Siamo sbarcati sulla luna della personalizzazione. A ciascuno la sua frattura. A ciascuna frattura una soluzione ad hoc…
“Ormai le aziende ci forniscono diversi sistemi di sintesi, sulla base dei quali vengono configurate e definite placche specifiche per ogni frattura. Per di più, le placche disponibili sono sempre meno invasive e più piccole nella dimensione, ma nello stesso tempo più performanti, perché sono in grado di stabilizzare quella specifica tipologia di frattura e nessun’altra”.
Qual è l’obiettivo del trattamento chirurgico e quali sono i rischi?
“L’obiettivo è la riduzione della frattura nella modalità il più possibile rispettosa dell’anatomia ed è questo il parametro di riferimento su cui si misura la bontà del risultato. Oltretutto, tanto più la riduzione sarà anatomica e stabile, tanto più sarà precoce la mobilizzazione. Evitando il gesso, si può, infatti, mobilizzare il polso molto precocemente già da subito, oppure, come accade più spesso, a distanza di un paio di settimane, dopo che il polso è stato immobilizzato con un piccolo tutore. Seguendo questa procedura, il paziente può in genere riacquistare nell’arco di un mese una mobilità tale da consentirgli di tornare alla propria attività lavorativa e a una vita normale”.
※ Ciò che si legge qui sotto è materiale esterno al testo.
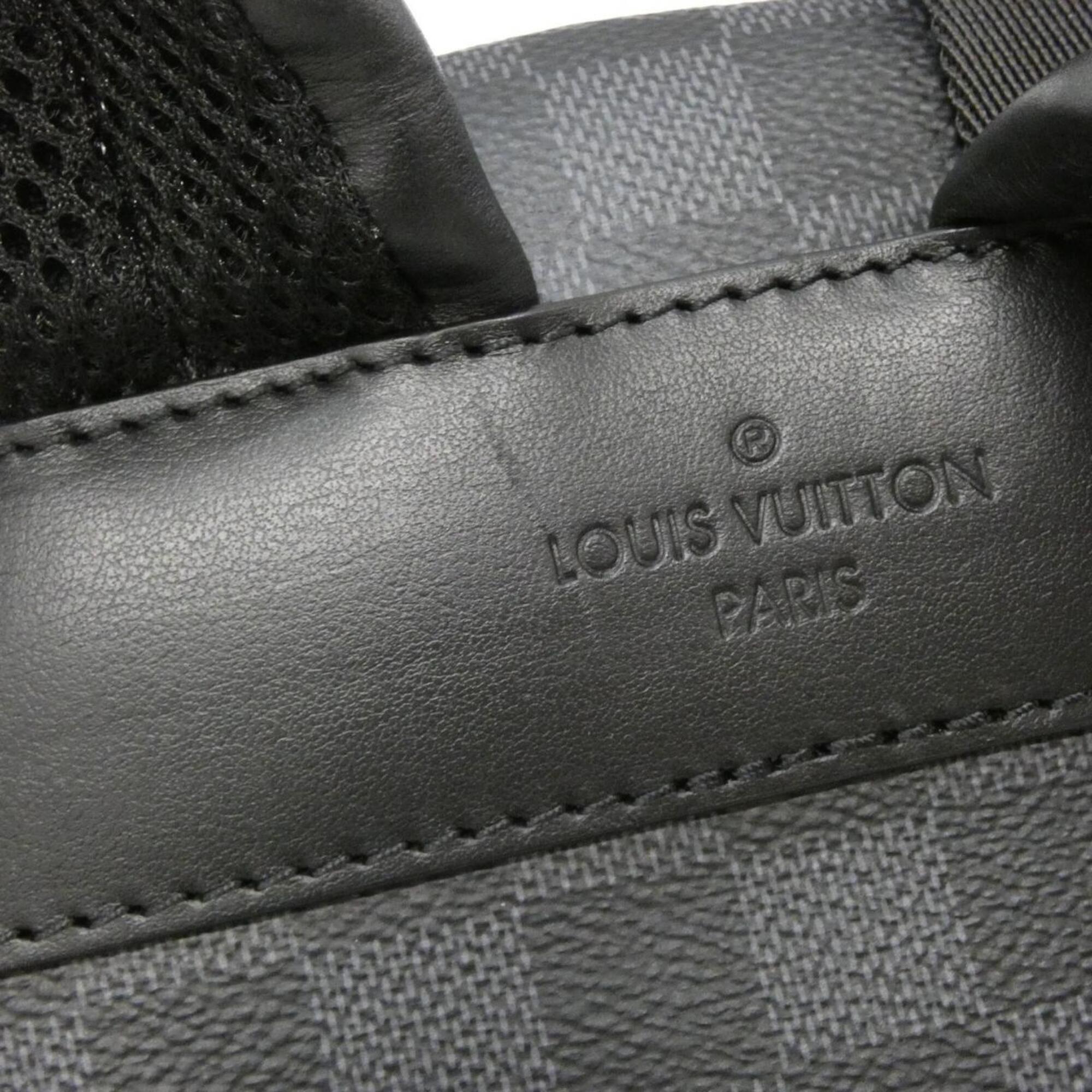 Louis Vuitton Dark Gray Graphite Coated Canvas Backpack (Pre-Owned)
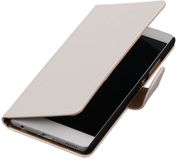 Best Cases .nl HTC One M9 Plus Effen Booktype Wallet Hoesje Wit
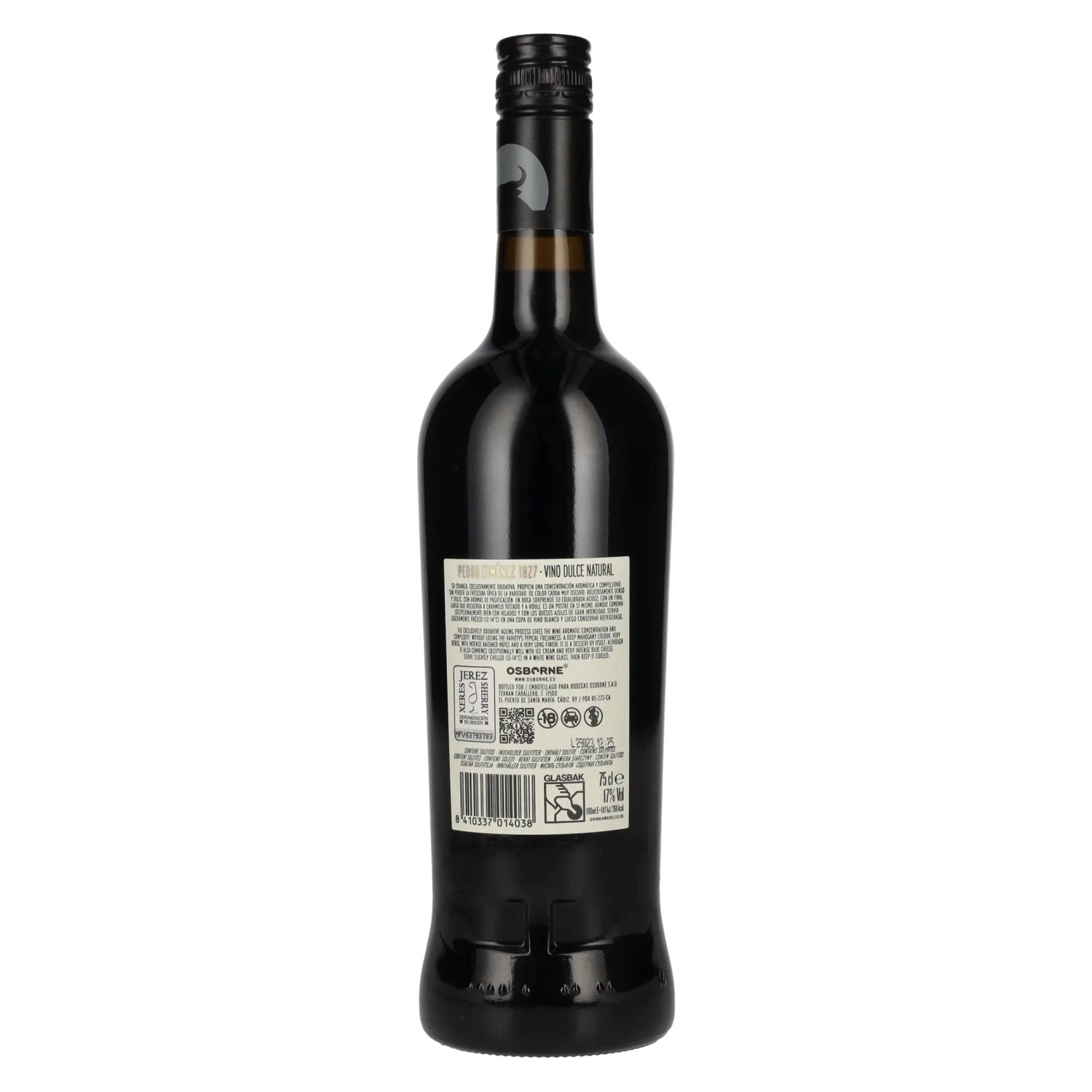 Osborne Pedro Ximénez 1827 Sherry 17% Vol. 0,75l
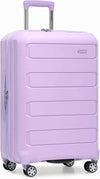 Traveler's Choice Pagosa Hardshell Expandable Luggage with Spinner Wheels, Lavender, 26-Inch Medium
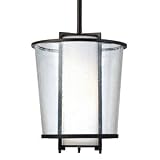 Bennington 15 1/4 High Iron Bronze Outdoor Hanging Light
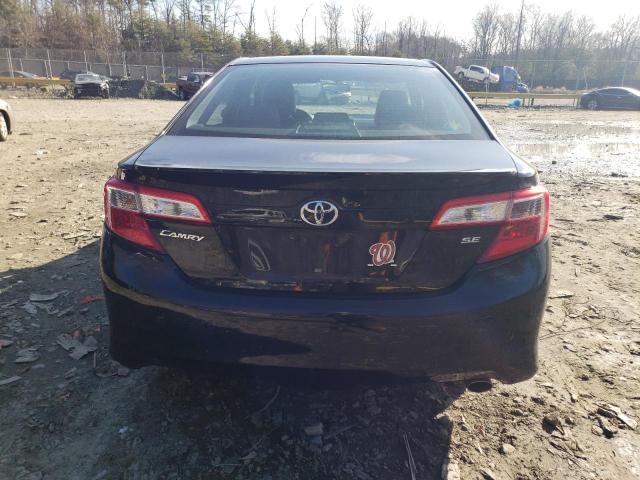 4T1BF1FK1EU329470 - 2014 TOYOTA CAMRY L BLACK photo 6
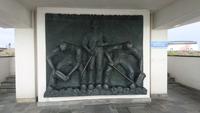 Denkmal auf dem Abschlussdeich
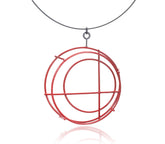 Medium Red Circle Structure Pendant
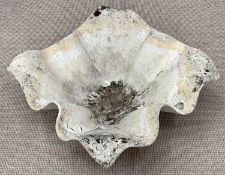 GARDEN PLANTER - composition handkerchief shaped example, 32cms H, 81cms W, 81cms D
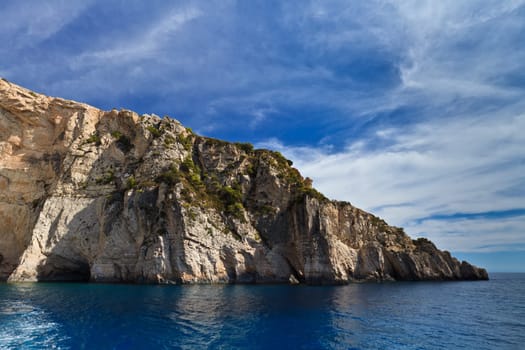 a beautiful mountain slope in Zakynthos island, Greece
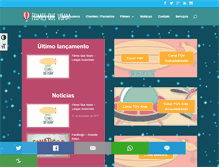 Tablet Screenshot of filmesquevoam.com.br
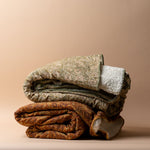 Floral Sherpa Throw Blanket blanket Indaba
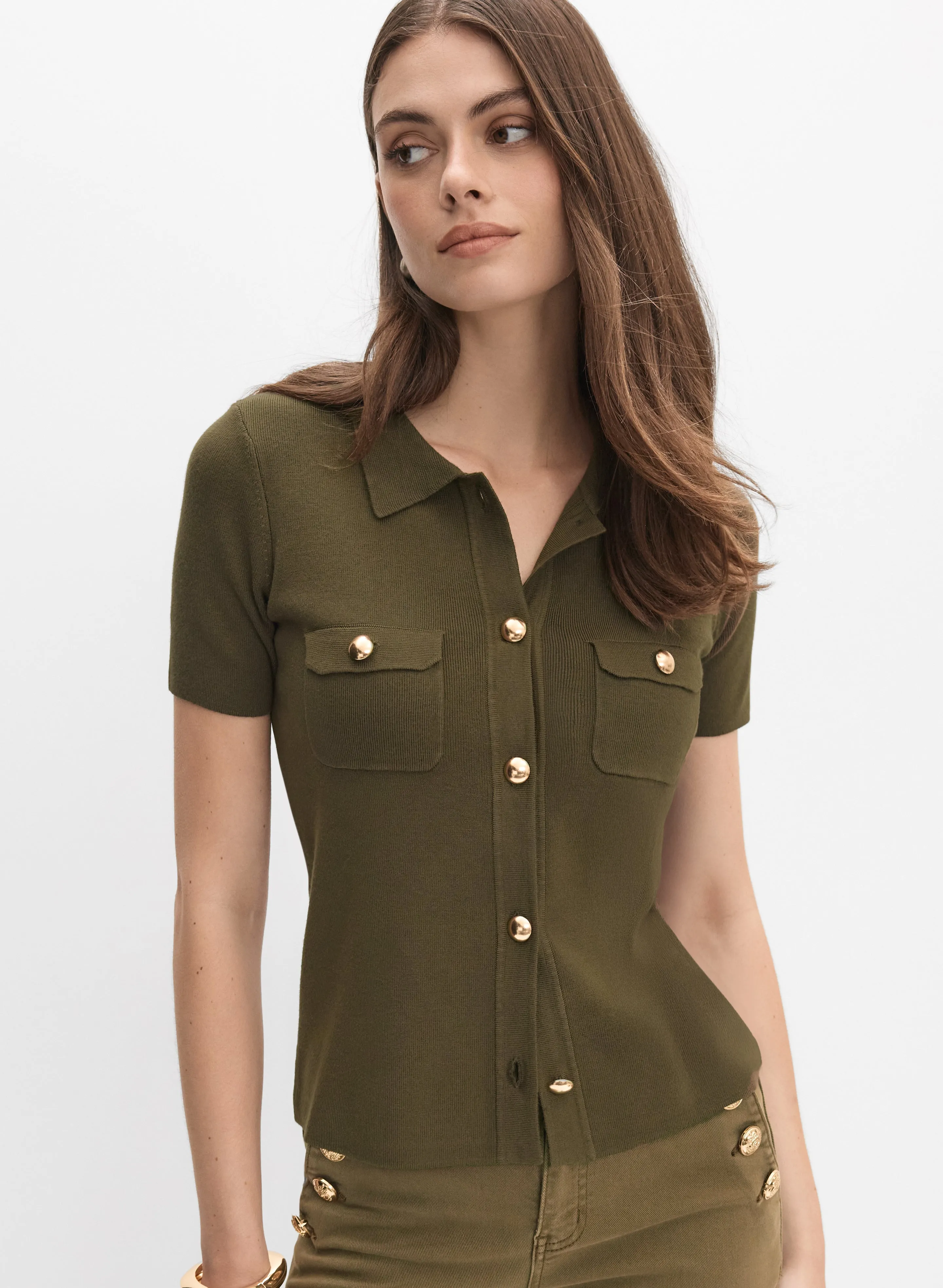 Knit Polo Top sold by Melanie Lyne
Anche la riabilitazione fisioterapica ha fatto progressi paralleli?
“Si è sicuramente maggiormente attenti alla riabilitazione del polso, come è dimostrato dalla nascita, di specializzazioni riabilitative ad hoc per il trattamento specifico delle patologie e dei traumi del polso e della mano. In questo modo, il recupero funzionale è completato, con risultati e prospettive a lungo termine molto più rassicuranti rispetto al passato”.
E i rischi?
“Come in tutte le innovazioni positive, c’è anche il rovescio della medaglia. Per intervenire chirurgicamente sul polso fratturato e inserire la placca adatta, bisogna possedere a monte le competenze e l’esperienza necessarie”.
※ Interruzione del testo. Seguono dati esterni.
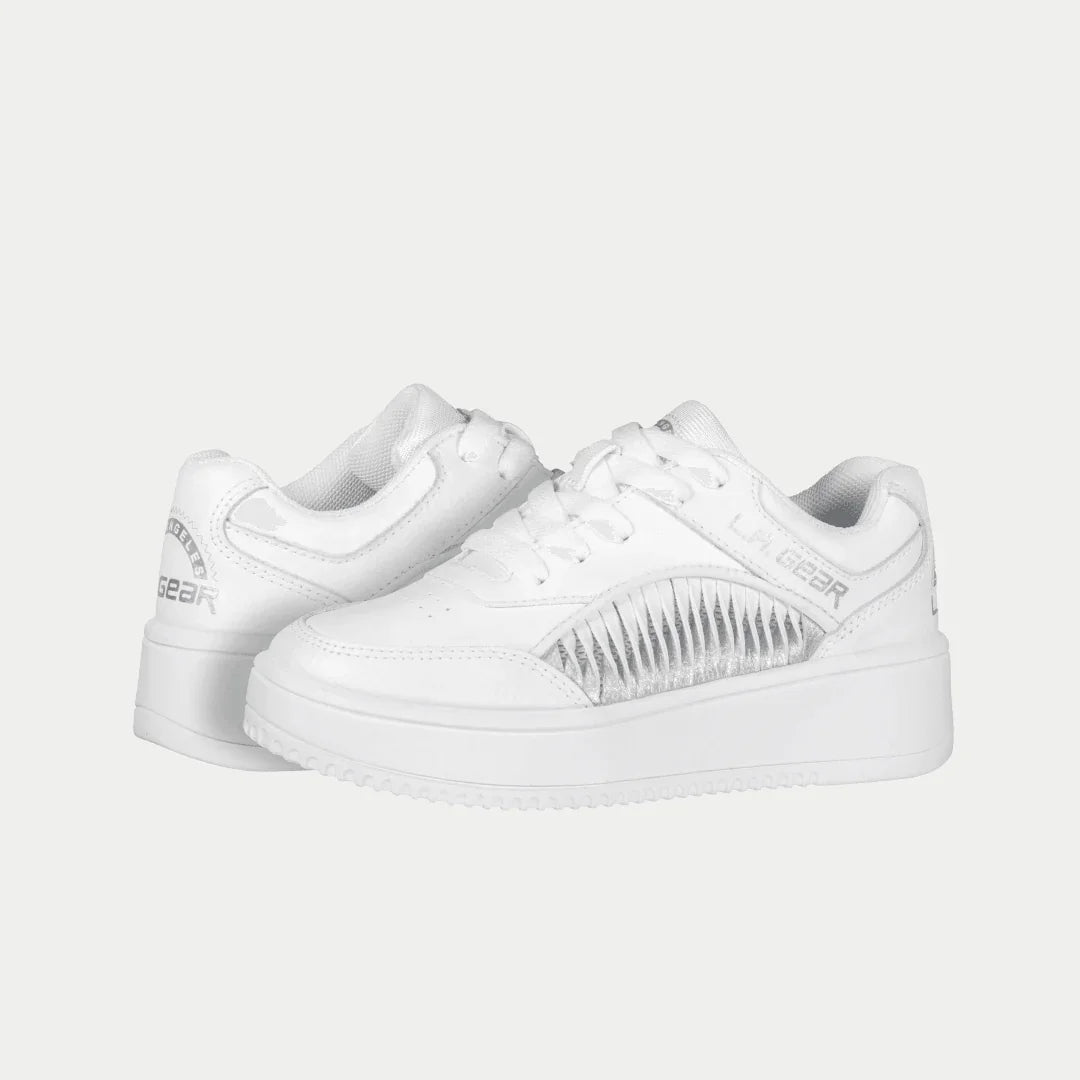 LA Gear Kids Flame Lowtop | White - Willow & Luna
Gli improvvisatori sono pericolosi…
“Occorre preventivamente conoscere a menadito le diverse tipologie di fratture e i sistemi di sintesi, perché se uno non ha i giusti requisiti…”.
Può fare danni…
“Sì, per usare una metafora scolastica, se il tema proposto è buono, ma lo svolgimento non è all’altezza, si possono fare danni da matita blu, di cui, ogni tanto, veniamo purtroppo a conoscenza”.